While some saw that as a defeat for broadcasters, I am inclined to think it was something else entirely. Although the composition of the Court has changed a bit since 2009, it is worth noting that four justices questioned the FCC’s indecency policy then, and a fifth justice explicitly questioned Red Lion, the very foundation of that policy. Given that it only takes the votes of four justices for the Court to agree to hear an appeal, the exclusion of Red Lion from that review is curious, and it is certainly possible that Justice Thomas is alone in his concern about the continued viability of Red Lion.
More likely, however, is that the Court is adhering to its long-held doctrine of keeping decisions as narrow as possible when addressing the constitutionality of a particular law or regulation. If that is the case, then the justices may well have concluded that the FCC’s indecency policy, at least in its current form, cannot survive constitutional review, and that there is no need to consider the broader issue of whether the government has any viable basis for regulating broadcasters and broadcast content. Stated differently, If the Court was inclined to uphold the constitutionality of the FCC’s indecency policy, an assessment of the continued viability of Red Lion would be critical to that decision, since a constitutional policy for which the government lacks a constitutional basis to impose on broadcasters is still unconstitutional.

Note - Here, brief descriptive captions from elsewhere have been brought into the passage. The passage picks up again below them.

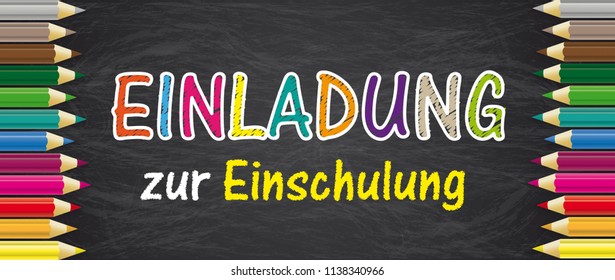 German text "Einladung zur Einschulung", translate "Invitation to school enrollment". Eps 10 vector file.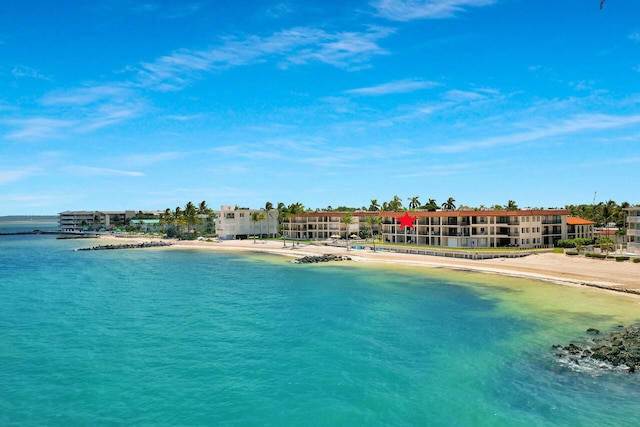 property view of water featuring a view of the beach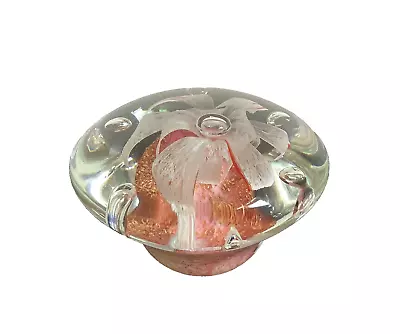 Buy Paperweight Glass Mushroom White Flower Pink Controlled Bubbles 898 Grams • 5£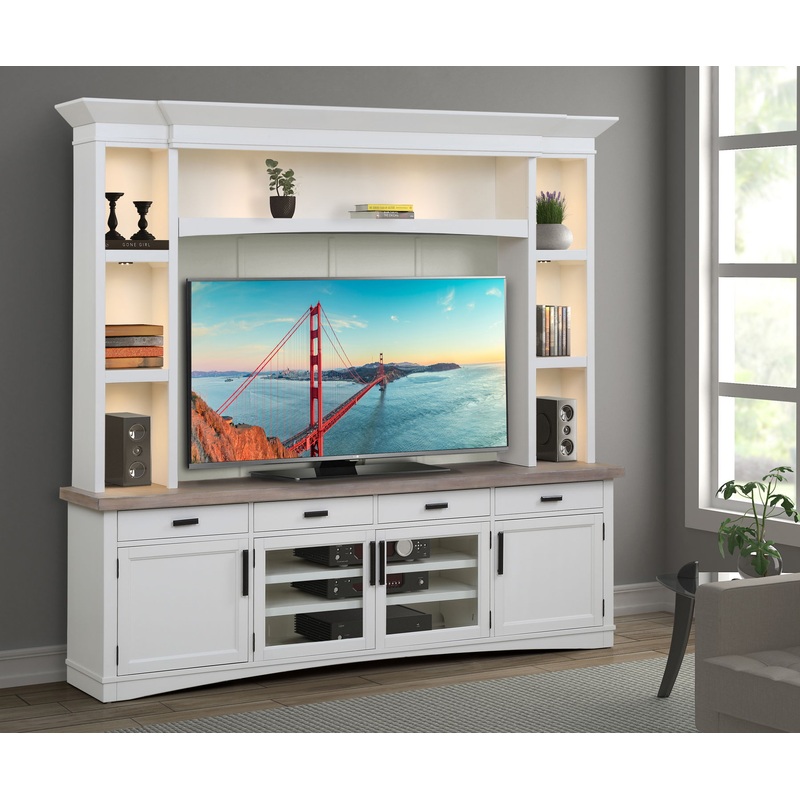 Americana Modern – TV Console with Hutch, Backpanel and LED Lights
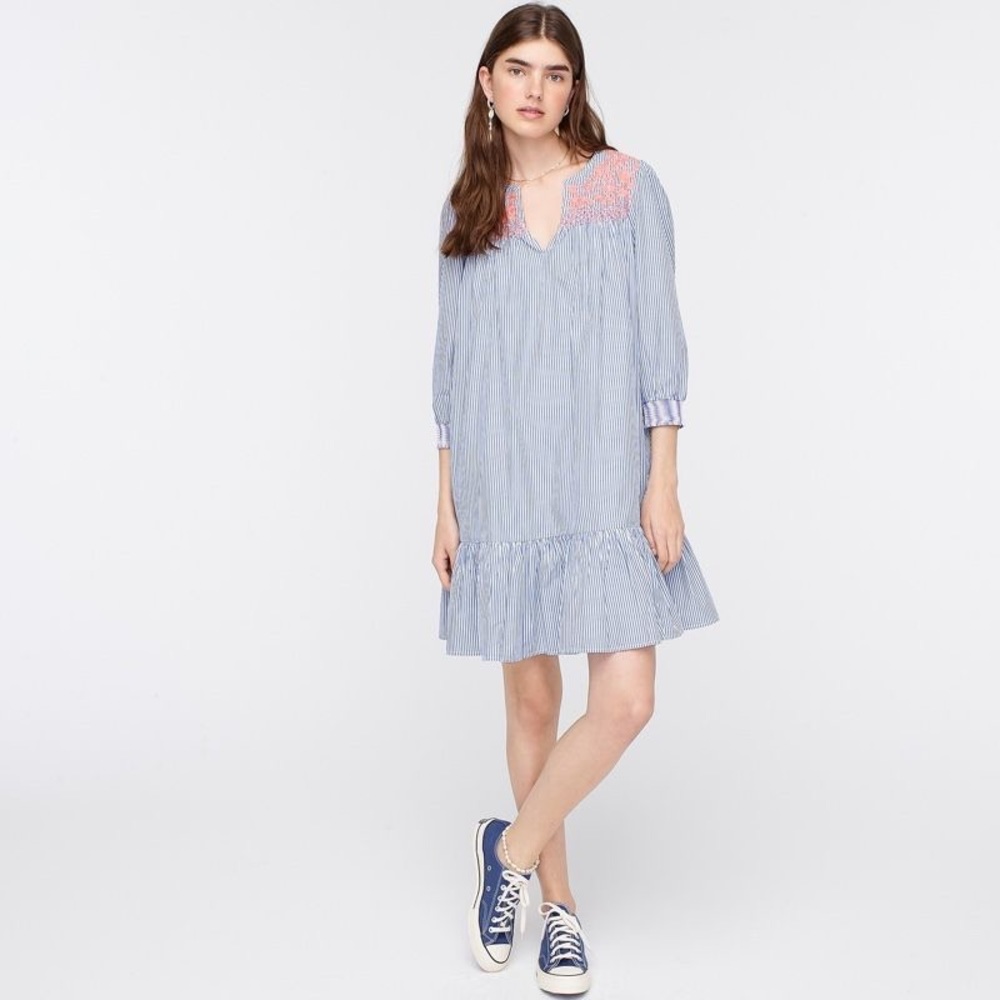 JCREW embroidered popover dress ruffle hem NWT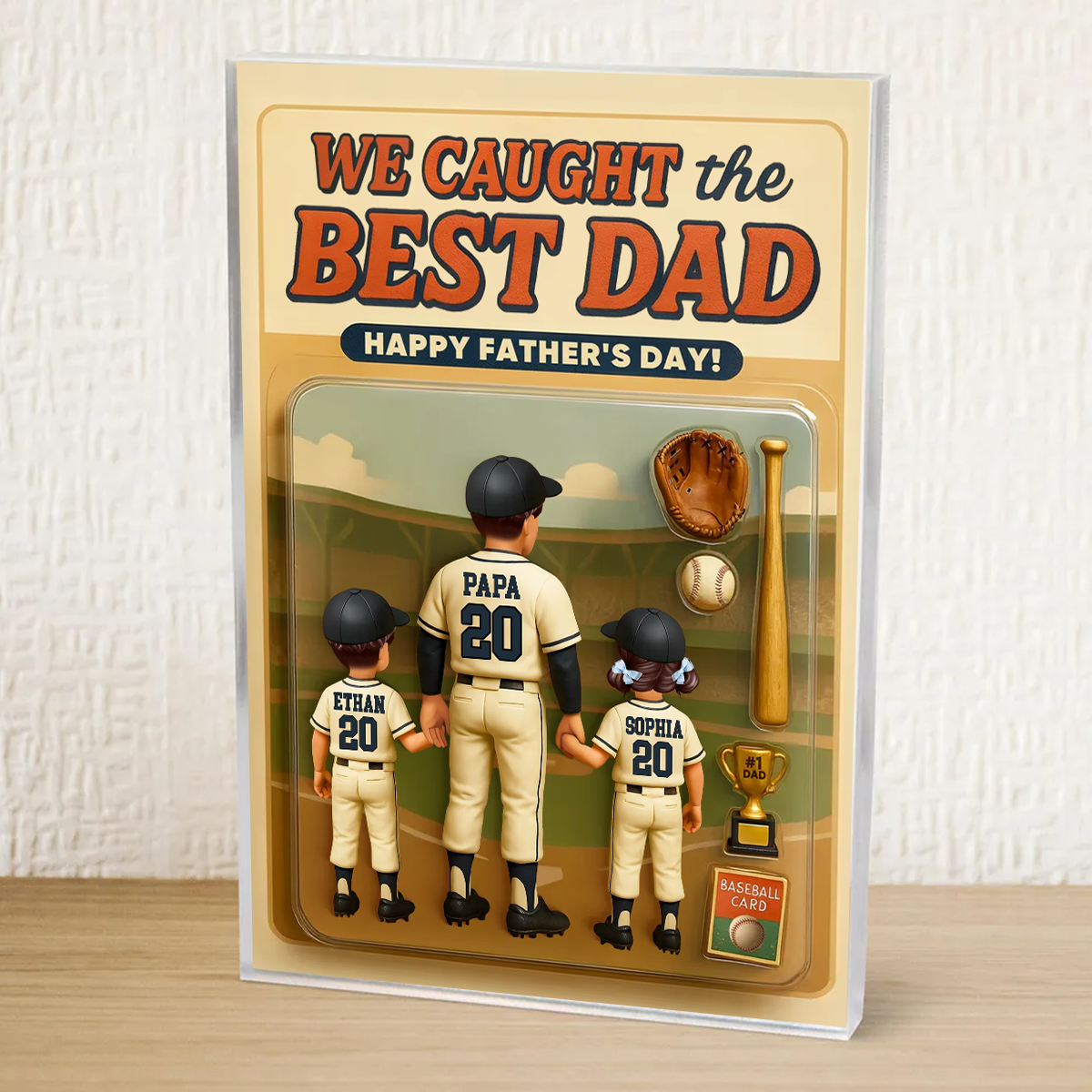 We Caught the Best Dad Baseball 2025, Custom Figure Personalized Acrylic Block Plaque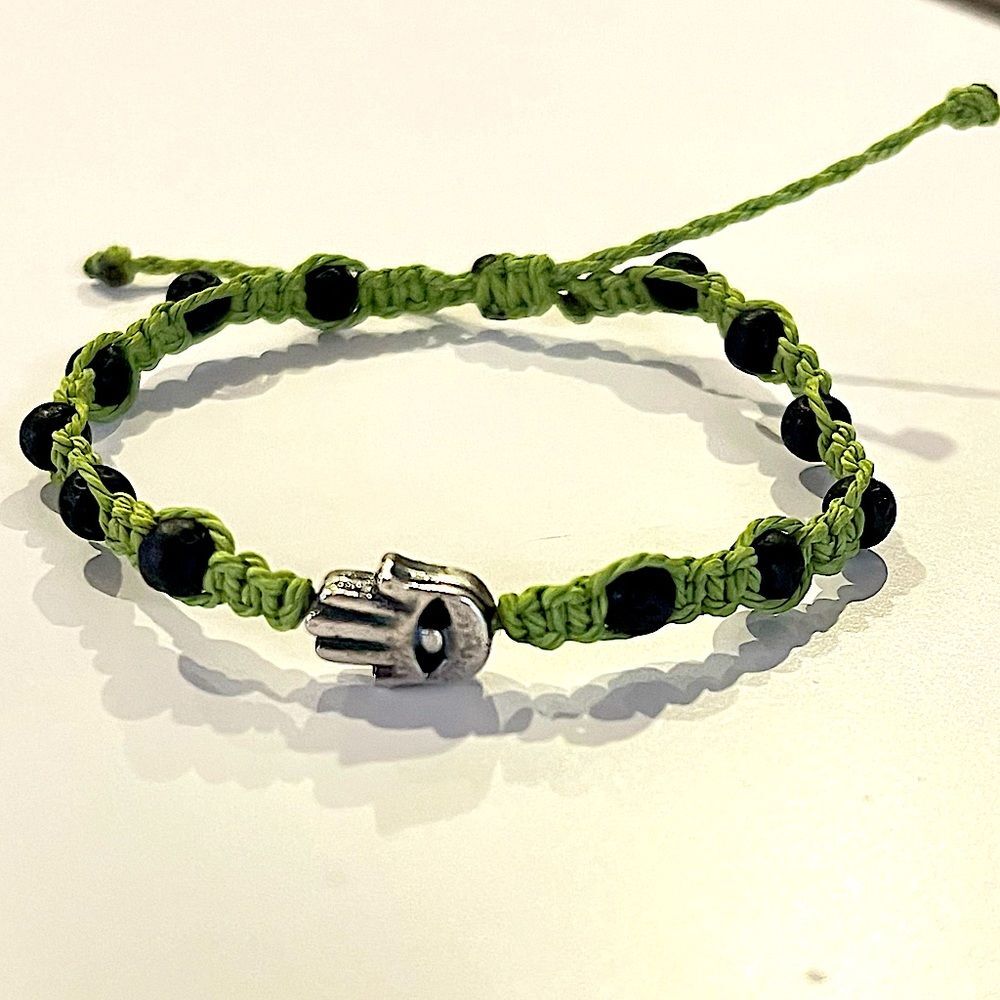 Silver Hamsa & Black Lava Bead Macrame Handmade Adjustable Bead Bracelet Unisex
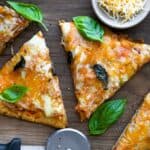 smoked pizza on wooden board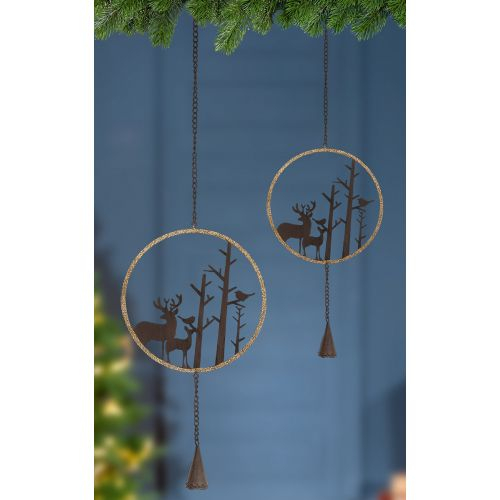 Set 2 decoratiuni Deer-Forest, Metal, Maro Auriu, 16x60 cm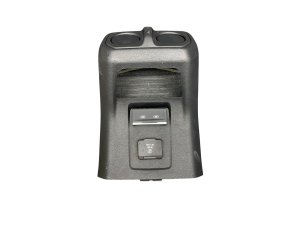 2018-2026 Jeep Wrangler Black Center Console End Cap Trim Panel with Power Outlet - Rear (Used OEM)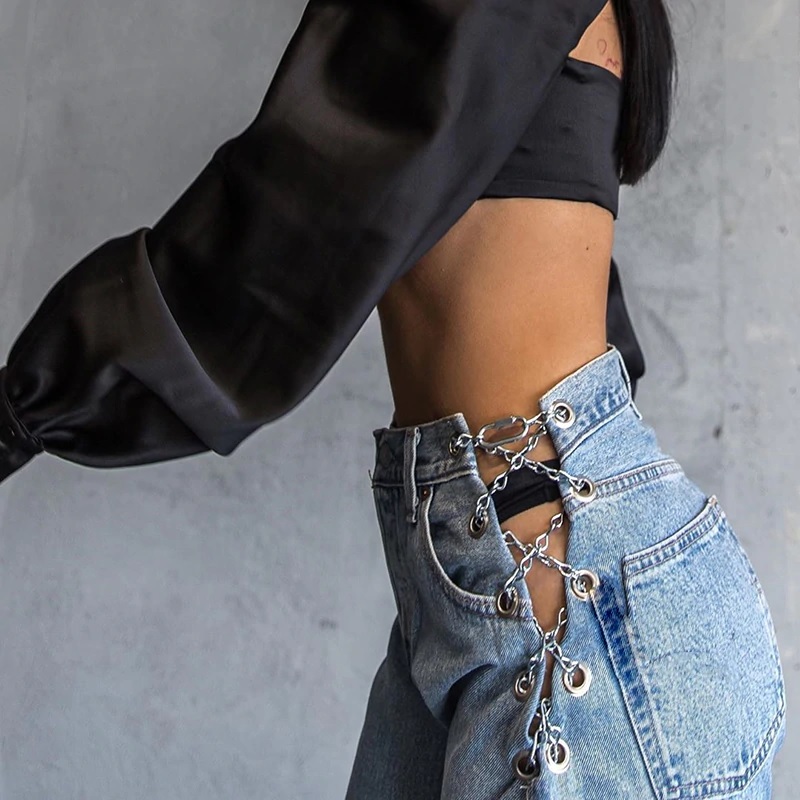 Chain Cut Out Sexy Cargo Pants Hollow Out Denim Jeans - Power Day Sale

While it is always a risky endeavor to attempt to “read” the Court, the entire basis of indecency policy is to protect children from content the government finds unsuitable for them. It is therefore telling that on the very day the Court agreed to hear the FCC’s appeal, it also released a decision overturning a California law prohibiting the sale of violent video games to minors, finding in a 7-2 decision that the law infringed upon the First Amendment, regardless of its intent to protect children. That decision makes clear that the Court will not merely accept “protecting children” as a valid basis for limiting First Amendment activities.
Of course, the California ban on sales of violent video games to minors affected only minors, whereas the FCC’s restriction on indecency limits the broadcast content that everyone–adults and minors alike–can access from 6am-10pm every day (the hours during which indecent broadcast content is prohibited). That fact, combined with the reality that there is far more “First Amendment” speech (political and otherwise) on radio and television than in most video games, means that the FCC may have a tough job convincing the Court that the FCC’s indecency policy can coexist with the First Amendment.